The Company's net interest income in the fourth quarter of 2008 increased by $2.0 million from the prior year's fourth quarter and for the full year of 2008 increased by $4.9 million or 20.2% when compared to 2007. The Company's net interest margin when compared to the same prior year periods was up sharply by 76 basis points to 3.84% for the fourth quarter of 2008 and was up by 58 basis points to 3.64% for the full year 2008. This improved net interest margin resulted from a combination of strong loan growth and balance sheet positioning which allowed the Company to benefit from the significant Federal Reserve reductions in short-term interest rates and the return to a more traditional positively sloped yield curve. As a result of these changes, the Company's interest expense on deposits and borrowings declined at a faster rate than the interest income on loans and investment securities. Additionally, the improved earning asset mix with fewer investment securities and more loans outstanding also contributed to the increased net interest income and margin in 2008. For the full year 2008, total loans increased by $71 million or 11.1% with $43 million of this growth occurring during the fourth quarter. The 2008 loan growth was driven by increased commercial and commercial real-estate loan production particularly in the suburban Pittsburgh market. Overall, net interest income has now increased for eight consecutive quarters.
The Company recorded a $625,000 provision for loan losses in the fourth quarter of 2008 compared to a $150,000 provision in the fourth quarter of 2007. For the full year 2008, the Company recorded a $2.9 million loan loss provision which represented an increase of $2.6 million over the 2007 full year loan loss provision of $300,000. When determining the provision for loan losses, the Company considers a number of factors some of which include periodic credit reviews, delinquency and charge-off trends, concentrations of credit, loan volume trends and broader local and national economic trends. The higher loan provision in 2008 was caused by the Company's decision to strengthen its allowance for loan losses due to the downgrade of the rating classification of several specific performing commercial loans and uncertainties in the local and national economies. Overall net charge-offs were up moderately in 2008 when compared to 2007. Specifically, for the full year 2008, net charge-offs amounted to $1.3 million or 0.20% of total loans compared to net charge-offs of $1.1 million or 0.19% of total loans for the full year 2007. Non-performing assets increased by $182,000 since the third quarter of 2008 but are still lower than the year-end 2007 level. Non-performing assets totaled $4.6 million or 0.65% of total loans at December 31, 2008 compared to $5.3 million or 0.83% of total loans at December 31, 2007. Overall, the allowance for loan losses provided 195% coverage of non-performing assets and was 1.26% of total loans at December 31, 2008 compared to 137% of non-performing assets and 1.14% of total loans at December 31, 2007. Note also that the Company has no direct exposure to sub-prime mortgage loans in either the loan or investment portfolios.
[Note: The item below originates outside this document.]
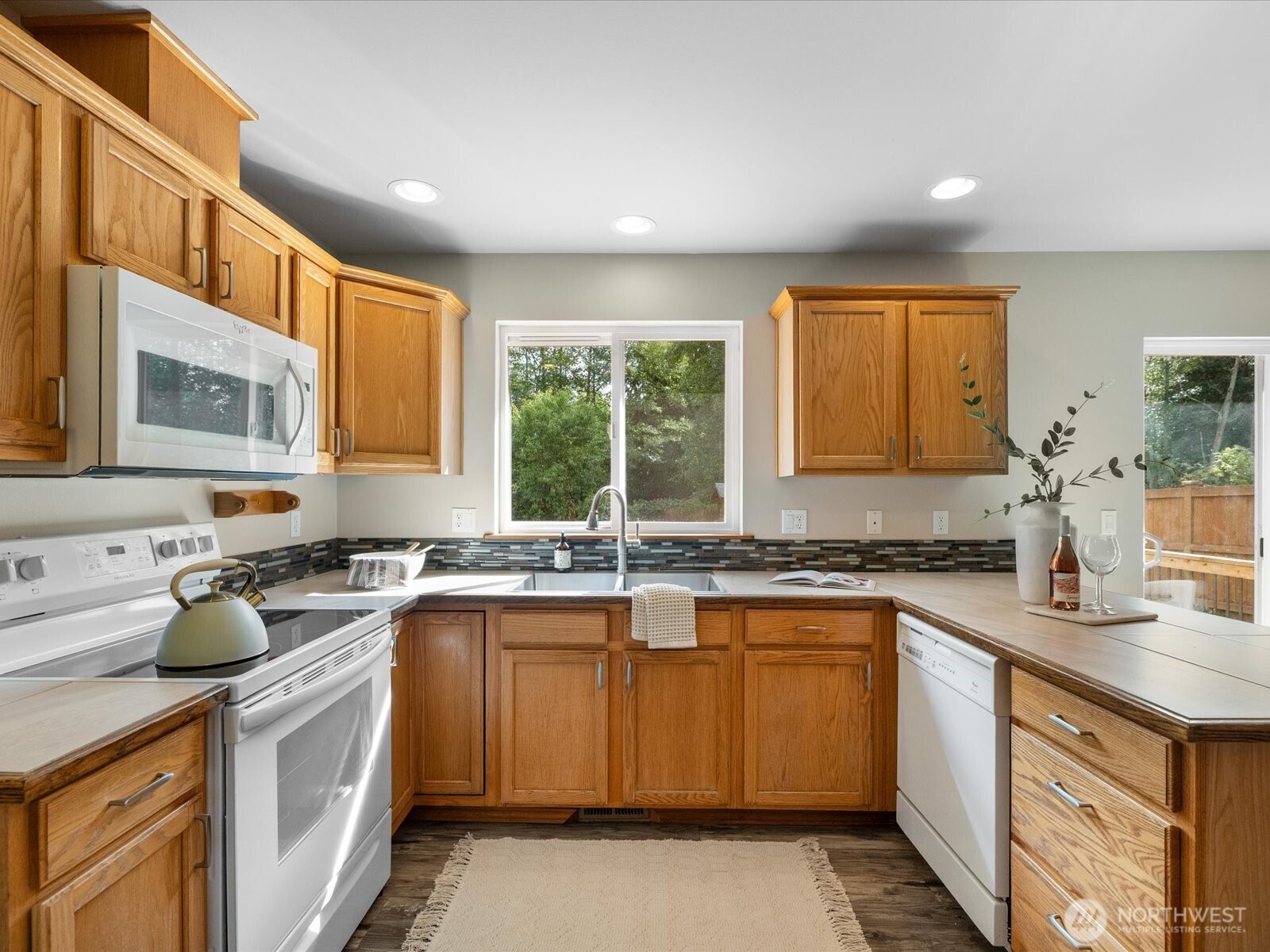 property viewer photo 9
The Company's non-interest income in the fourth quarter of 2008 decreased by $384,000 from the prior year's fourth quarter but for the full year of 2008 increased by $1.7 million when compared to the full year 2007. The quarterly decrease was primarily due to a $288,000 decline in trust and investment advisory fees due to reductions in the market value of assets managed due to lower equity values in the fourth quarter of 2008. Other income also declined as there was a non-recurring $200,000 gain realized in the fourth quarter of 2007 on the sale of a bank owned operations facility that was no longer being fully utilized. For the full year 2008, the increase in non-interest income was primarily due to a $1.4 million increase in revenue from bank owned life insurance due to the payment of death claims in 2008. The remainder of the increase in non-interest income was driven by increases in several other non-interest revenue categories. Deposit service charges increased by $490,000 or 19.0% due to increased overdraft fees and greater service charge revenue that resulted from a realignment of the bank's checking accounts to include more fee based products. The Company also recorded an increase on gains realized on residential mortgage loan sales into the secondary market that amounted to $170,000 for the full year 2008. This increase reflects improved residential mortgage production from the Company's primary market as this has been an area of emphasis in the Company's strategic plan. Finally, the Company took advantage of the positively sloped yield curve to position the investment portfolio for better future earnings by selling some of the lower yielding securities in the portfolio and replacing them with higher yielding securities with a modestly longer duration. Overall, the Company realized a net security loss of $95,000 in 2008.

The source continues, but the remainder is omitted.